ICLR 2026 Conference SubmissionAnonymous Authors
human scene understandinggenerative modeling
Abstract:

Human vision combines low-resolution “gist” information from the visual periphery with sparse but high-resolution information from fixated locations to construct a coherent understanding of a visual scene. In this paper, we introduce MetamerGen, a tool for generating scenes that are aligned with latent human scene representations. MetamerGen is a latent diffusion model that combines peripherally obtained scene gist information with information obtained from scene-viewing fixations to generate image metamers for what humans understand after viewing a scene.

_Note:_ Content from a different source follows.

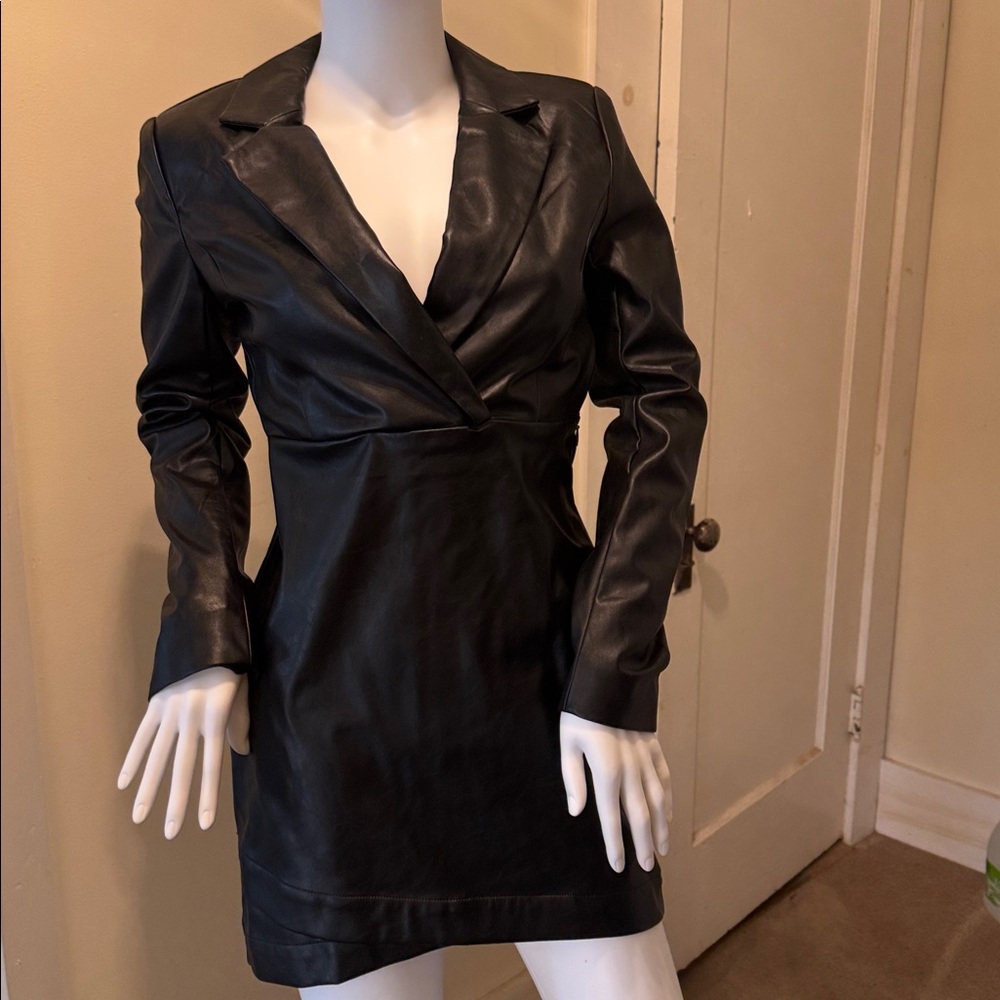 NWT EXPRESS X NEGIN MIRSALEHI BLACK VEGAN LEATHER MINI DRESS - Picture 8 of 9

Generating images from both high and low resolution (i.e. “foveated”) inputs constitutes a novel image-to-image synthesis problem, which we tackle by introducing a dual-stream representation of the foveated scenes consisting of DINOv2 tokens that fuse detailed features from fixated areas with peripherally degraded features capturing scene context. To evaluate the perceptual alignment of MetamerGen generated images to latent human scene representations, we conducted a same-different behavioral experiment where participants were asked for a “same” or “different” response between the generated and the original image. With that, we identify scene generations that are indeed metamers for the latent scene representations formed by the viewers. MetamerGen is a powerful tool for understanding scene understanding. Our proof-of-concept analyses uncovered specific features at multiple levels of visual processing that contributed to human judgments. While it can generate metamers even conditioned on random fixations, we find that high-level semantic alignment most strongly predicts metamerism when the generated scenes are conditioned on viewers’ own fixated regions.

Disclaimer
This report is AI-GENERATED using Large Language Models and WisPaper (A scholar search engine). It analyzes academic papers' tasks and contributions against retrieved prior work. While this system identifies POTENTIAL overlaps and novel directions, ITS COVERAGE IS NOT EXHAUSTIVE AND JUDGMENTS ARE APPROXIMATE. These results are intended to assist human reviewers and SHOULD NOT be relied upon as a definitive verdict on novelty.
NOTE that some papers exist in multiple, slightly different versions (e.g., with different titles or URLs). The system may retrieve several versions of the same underlying work. The current automated pipeline does not reliably align or distinguish these cases, so human reviewers will need to disambiguate them manually.
If you have any questions, please contact: mingzhang23@m.fudan.edu.cn

Overview

Overall Novelty Assessment

MetamerGen introduces a latent diffusion model that generates scene metamers by combining peripheral gist information with high-resolution fixation data. The paper resides in the Early Visual System Pooling Models leaf, which contains ten papers focused on eccentricity-scaled feature averaging to simulate early visual processing. This is the most populated leaf in the Computational Models branch, indicating a crowded research direction where foundational pooling approaches have been extensively explored. The work extends classical pooling theory to complex natural scenes using modern generative architectures.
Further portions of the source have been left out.